Introduction to HyperBus Memory Devices
- Vignesh Raghavendra [Open Source Summit EU 2019]

HyperBus is a parallel bus for somewhat lower spec’ed (low pincount) devices than DDR2/3. It has 8 data lines and a (sometimes differential) clock line. It strobes on both rising and falling edges (double data rate). It is used for flash and for RAM, both can be on the same bus. Read throughput can go up to 400MB/s.

HyperFlash draws upon the legacy features of both parallel and serial memories.

HyperRAM is self-refresh DRAM with a HyperBus interface. An additional data strobe is needed to indicate data validity, because the device is not available when a refresh is ongoing.

A HyperBus transaction has a command phase, a wait phase and a data phase. Command phase is always applied by the master. The wait phase is applied by the device: waiting for refresh to finish or for data to be available.

Command is 47 bits. Bit 47 indicates read or write. Bit 46 indicates target address space (memory itself or config registers). Bit 45 indicates how a burst is interpreted: linear or wrapped. Wrapped is useful for filling a cache line (get the data you need first, then get the rest of the cache line). Bit 44-16 are the half-page address. The half-page is the smallest unit on which ECC is calculated. It is 16 bytes.

HyperFlash follows CFI extended command set 0002, so the generic driver for it should work. It comes up in direct read mode, which is very useful for boot.

To write to flash, it first has to be unlocked with a two-step unlock stage. Data is buffered before going to flash. The last bit of the programming sequence is a confirm command.

Address space overlays are used to access the control space. E.g. CFI space, persistence registers, vendor-specific areas. There are commands to switch address spaces.

On the host side, there are two types of controllers. Dedicated HyperBus controllers only understand the HyperBus protocol. They usually support memory-mapped access to flash similar to SDRAM controllers. This allows XIP. Multi-IO serial controllers, on the other hand, generally don’t support memory-mapped access but require an expicit transfer to memory.

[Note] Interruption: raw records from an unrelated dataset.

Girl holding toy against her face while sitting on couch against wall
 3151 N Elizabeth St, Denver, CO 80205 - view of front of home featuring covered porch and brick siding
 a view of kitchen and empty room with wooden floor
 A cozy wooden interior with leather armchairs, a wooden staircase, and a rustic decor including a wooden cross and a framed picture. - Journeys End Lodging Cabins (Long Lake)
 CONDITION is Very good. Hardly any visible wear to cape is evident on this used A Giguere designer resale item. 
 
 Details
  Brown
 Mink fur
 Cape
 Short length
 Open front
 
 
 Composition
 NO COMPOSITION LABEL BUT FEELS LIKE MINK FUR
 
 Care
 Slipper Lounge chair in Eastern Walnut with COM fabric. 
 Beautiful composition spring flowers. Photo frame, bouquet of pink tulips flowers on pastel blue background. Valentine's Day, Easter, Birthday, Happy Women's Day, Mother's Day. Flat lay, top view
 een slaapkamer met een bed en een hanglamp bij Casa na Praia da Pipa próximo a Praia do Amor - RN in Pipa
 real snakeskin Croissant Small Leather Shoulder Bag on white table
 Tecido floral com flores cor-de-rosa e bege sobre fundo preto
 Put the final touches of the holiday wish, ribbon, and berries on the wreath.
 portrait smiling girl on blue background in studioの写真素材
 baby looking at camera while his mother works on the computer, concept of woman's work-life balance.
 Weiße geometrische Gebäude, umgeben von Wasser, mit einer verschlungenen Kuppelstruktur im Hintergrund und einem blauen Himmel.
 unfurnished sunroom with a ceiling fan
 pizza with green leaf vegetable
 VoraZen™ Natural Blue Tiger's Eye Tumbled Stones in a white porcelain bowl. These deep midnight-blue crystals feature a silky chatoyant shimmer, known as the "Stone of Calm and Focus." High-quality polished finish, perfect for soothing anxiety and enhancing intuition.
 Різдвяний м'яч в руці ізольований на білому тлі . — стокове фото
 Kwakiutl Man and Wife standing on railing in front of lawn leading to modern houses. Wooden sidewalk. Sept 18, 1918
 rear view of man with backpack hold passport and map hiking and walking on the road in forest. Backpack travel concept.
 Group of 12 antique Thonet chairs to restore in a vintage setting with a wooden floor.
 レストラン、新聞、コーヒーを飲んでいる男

In the kernel, support was merged in v5.3, but only for HyperFlash with MMIO capable controllers. It hooks to the existing CFI framework. The map framework forwards the CFI commands over MMIO. The HyperBus framework defines the address ranges and probing. Some changes were needed, e.g. to check for status after erase, the CFI framework would look at the status lines, but in HyperFlash you need to poll a status register.

To create a HyperBus controller (HBMC) driver, you just need to implement a few ops functions:

  • read16: read 16 bits of data, used to read from non-default address space e.g. CFI.
  • write16
  • copy_from: read data from flash array
  • copy_to
  • calibrate: for the pin timings

The difference between the read/write and the copy is that the latter may use aligned accesses and discard data, while the former need to access exactly the requested word.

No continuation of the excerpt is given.